O cineasta chinês Bi Gan retorna ao Festival de Cannes com “Resurrection”, um longa-metragem ousado, visualmente deslumbrante e repleto de simbolismos que flerta com o surreal e o onírico. Conhecido por “Long Day’s Journey Into Night” (2018), experiência quase extraterrestre no cinema que desafiava a percepção do tempo e da memória, Bi Gan agora apresenta uma obra fragmentada, nem sempre coesa, mas igualmente fascinante, que culmina em sequências visuais arrebatadoras e planos-sequência de tirar o fôlego.

“Resurrection” pode ser interpretado como uma longa noite rumo ao esclarecimento que vem com o nascer do sol — não à toa, o filme termina em uma boate chamada Sunrise.
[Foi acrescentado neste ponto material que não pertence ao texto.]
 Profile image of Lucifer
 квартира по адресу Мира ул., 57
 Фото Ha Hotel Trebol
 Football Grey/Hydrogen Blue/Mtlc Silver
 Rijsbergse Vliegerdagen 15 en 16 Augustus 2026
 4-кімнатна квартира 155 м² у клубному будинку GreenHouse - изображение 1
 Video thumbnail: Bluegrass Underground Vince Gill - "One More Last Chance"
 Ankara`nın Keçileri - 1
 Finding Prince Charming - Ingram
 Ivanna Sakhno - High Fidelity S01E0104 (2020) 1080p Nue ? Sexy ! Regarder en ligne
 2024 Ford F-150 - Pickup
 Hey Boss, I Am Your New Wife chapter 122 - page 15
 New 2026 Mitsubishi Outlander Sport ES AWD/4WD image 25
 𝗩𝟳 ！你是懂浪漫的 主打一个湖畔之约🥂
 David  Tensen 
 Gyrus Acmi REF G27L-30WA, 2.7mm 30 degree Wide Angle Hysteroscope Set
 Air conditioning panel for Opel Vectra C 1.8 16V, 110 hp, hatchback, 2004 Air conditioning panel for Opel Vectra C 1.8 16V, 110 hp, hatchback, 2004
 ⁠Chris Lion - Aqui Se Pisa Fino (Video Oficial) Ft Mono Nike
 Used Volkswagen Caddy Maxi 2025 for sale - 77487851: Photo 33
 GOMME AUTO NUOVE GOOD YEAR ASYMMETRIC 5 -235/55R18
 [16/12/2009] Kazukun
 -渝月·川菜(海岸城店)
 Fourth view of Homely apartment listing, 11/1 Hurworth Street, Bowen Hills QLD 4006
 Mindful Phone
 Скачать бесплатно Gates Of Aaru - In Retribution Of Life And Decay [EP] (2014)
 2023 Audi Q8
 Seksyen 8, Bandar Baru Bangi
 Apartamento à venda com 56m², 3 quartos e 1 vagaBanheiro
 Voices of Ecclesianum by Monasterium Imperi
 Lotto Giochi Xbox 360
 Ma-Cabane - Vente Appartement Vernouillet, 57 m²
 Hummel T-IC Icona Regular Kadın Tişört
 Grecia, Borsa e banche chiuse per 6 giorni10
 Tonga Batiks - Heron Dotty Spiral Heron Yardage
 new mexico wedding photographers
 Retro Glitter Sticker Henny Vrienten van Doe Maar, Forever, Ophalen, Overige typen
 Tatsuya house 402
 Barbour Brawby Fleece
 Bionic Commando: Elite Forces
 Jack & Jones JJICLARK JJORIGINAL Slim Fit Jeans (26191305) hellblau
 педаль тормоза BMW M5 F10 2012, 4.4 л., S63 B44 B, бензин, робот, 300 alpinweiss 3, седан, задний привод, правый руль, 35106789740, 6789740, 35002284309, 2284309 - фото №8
Trata-se também de uma viagem episódica pela história da China, concluindo no simbólico réveillon de 1999, momento de transição em que o país passou a adotar um capitalismo agressivo sem abandonar o conformismo político tradicional.

A narrativa se desenrola em um universo alternativo onde os seres humanos descobriram que podem viver indefinidamente — desde que não sonhem. O sonho, nesse contexto, queima a existência como uma vela acesa. Bi Gan sugere, sem afirmar, um dilema: seria essa a solução para a superpopulação?

Mas há uma exceção a essa regra: um homem que sonha. Ele é o Fantasmer, vivido por Jackson Yee — um “monstro sagrado” cuja intensa percepção de ilusões e sonhos o permite reencarnar em diferentes realidades marginais ao longo do século XX. Em sua trajetória, ele é acompanhado por uma mulher enigmática, embora não fique claro se é ela quem sonha com ele, ou se ele a imagina.

No início do século, num cenário que remete ao cinema mudo, o Fantasmer surge como uma figura pálida semelhante ao vampiro Nosferatu, cuidada por uma mulher misteriosa interpretada por Shu Qi. Durante a Segunda Guerra Mundial, ele se vê envolvido em uma briga violenta em uma loja de espelhos, evocando o clássico “A Dama de Xangai”, com direito até ao uso de um theremin. Avançando vinte anos no tempo, o protagonista aparece em um templo isolado, coberto pela neve, onde quebra uma estátua de Buda e se depara com o Espírito da Amargura.

Décadas depois, ele é um vigarista que manipula uma menina em um golpe contra um chefão local. Já no limiar do novo milênio, o Fantasmer cruza caminhos com outro mafioso, o Senhor Luo, marcando sua ascensão a uma nova dimensão — tanto na trama quanto nos recursos visuais do longa.

“Resurrection” é, acima de tudo, um enigma. Até mesmo o título levanta dúvidas: estaríamos diante de uma verdadeira ressurreição, no sentido de transformação espiritual? Ou apenas observando uma eterna metamorfose, com o Fantasmer como um astro pulsante nos confins do universo, prestes a explodir ou implodir em milhares de anos?

Talvez o objetivo do filme nem seja responder a essas perguntas. Sua essência está no mistério e nos efeitos visuais estonteantes, ainda que alguns espectadores possam se sentir desconectados — especialmente diante de recursos estilísticos inspirados no cinema mudo. Ainda assim, trata-se de uma obra de arte genuína, que instiga o olhar e o pensamento.